As a new father, it's sometimes difficult to keep up with my daily meditation practice - among other things. I'm sure this is not news to anyone who is a parent. (Which reminds me that I am discovering the greatest appreciation and respect for anyone who has ever had children. It is an amazing and overwhelming experience.) Yesterday I had gone running in the early morning with my friend and running buddy, Jeff, and had come home to a busy house where I was needed by my wife and daughter, so Stillness did not happen as I had planned.
The day was not over though. I had been hired to officiate at a funeral out near Seaman, Ohio. Someone was looking for a shaman and found me through my website. At about ten after four, I found myself sitting in my car at the edge of a gravel road leading into the Tranquility Wildlife Area. It struck me that I was about ten minutes early, so I decided to meditate in the car. I was assuming that I would be pulled out of my Stillness at any time by the arrival of the funeral party. It took me awhile to let go of the expectation that they would be showing up at any moment. Finally I settled in and let go of time and place and expectation.
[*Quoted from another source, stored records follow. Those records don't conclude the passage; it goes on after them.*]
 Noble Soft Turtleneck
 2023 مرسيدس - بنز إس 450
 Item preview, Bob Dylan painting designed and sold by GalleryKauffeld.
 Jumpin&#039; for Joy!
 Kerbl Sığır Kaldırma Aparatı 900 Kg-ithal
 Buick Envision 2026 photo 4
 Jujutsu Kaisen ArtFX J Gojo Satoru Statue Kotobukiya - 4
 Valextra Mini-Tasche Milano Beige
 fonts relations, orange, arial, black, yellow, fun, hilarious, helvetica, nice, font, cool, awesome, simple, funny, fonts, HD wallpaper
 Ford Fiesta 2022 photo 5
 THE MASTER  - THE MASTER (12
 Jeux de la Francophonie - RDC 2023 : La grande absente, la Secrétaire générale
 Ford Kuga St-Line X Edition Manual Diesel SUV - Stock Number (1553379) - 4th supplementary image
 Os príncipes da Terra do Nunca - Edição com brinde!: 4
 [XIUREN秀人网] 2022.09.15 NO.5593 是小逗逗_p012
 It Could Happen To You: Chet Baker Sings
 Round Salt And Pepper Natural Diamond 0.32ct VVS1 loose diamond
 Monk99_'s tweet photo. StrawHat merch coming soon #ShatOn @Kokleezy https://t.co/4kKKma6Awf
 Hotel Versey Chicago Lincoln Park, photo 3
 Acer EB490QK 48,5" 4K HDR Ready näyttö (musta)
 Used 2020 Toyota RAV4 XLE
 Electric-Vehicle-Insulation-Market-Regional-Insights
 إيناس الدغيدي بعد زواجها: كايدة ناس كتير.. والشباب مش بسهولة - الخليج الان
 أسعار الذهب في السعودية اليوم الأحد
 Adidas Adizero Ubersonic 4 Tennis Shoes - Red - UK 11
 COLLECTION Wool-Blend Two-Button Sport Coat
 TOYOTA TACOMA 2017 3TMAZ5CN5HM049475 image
When they did show up, 20 minutes late, I was in a very good place. I followed them down the deeply potholed gravel access road for almost a mile before we pulled off into a small field and parked. The fellow who had hired me was an Army sergeant in dress blues, with his Korean wife and 4 year old daughter. They were joined by some twenty or so family and friends who were there to say goodbye to his father. He recounted briefly the times that his father had brought him out to this very spot to camp. Here he had come to appreciate the power and serenity of nature and to deepen his relationship with his father. The service was short and uncomplicated. I said a few words about the different parts of the soul, about ancestors and about the unceasing love of parents for their children and children for their parents. I asked the physical soul of the departed to enter into some water and then his son poured this water reverently at the roots of a huge oak. We made offerings to the four directions and asked the ancestors to welcome him home. The son scattered his father's ashes, said a few more words and we were finished.
As I watched the tears of those gathered there I was struck by something my wife said recently: that the mark of a great man is that he is surrounded by though who love him. It was clear to me that this was a great man. It was a good ride home.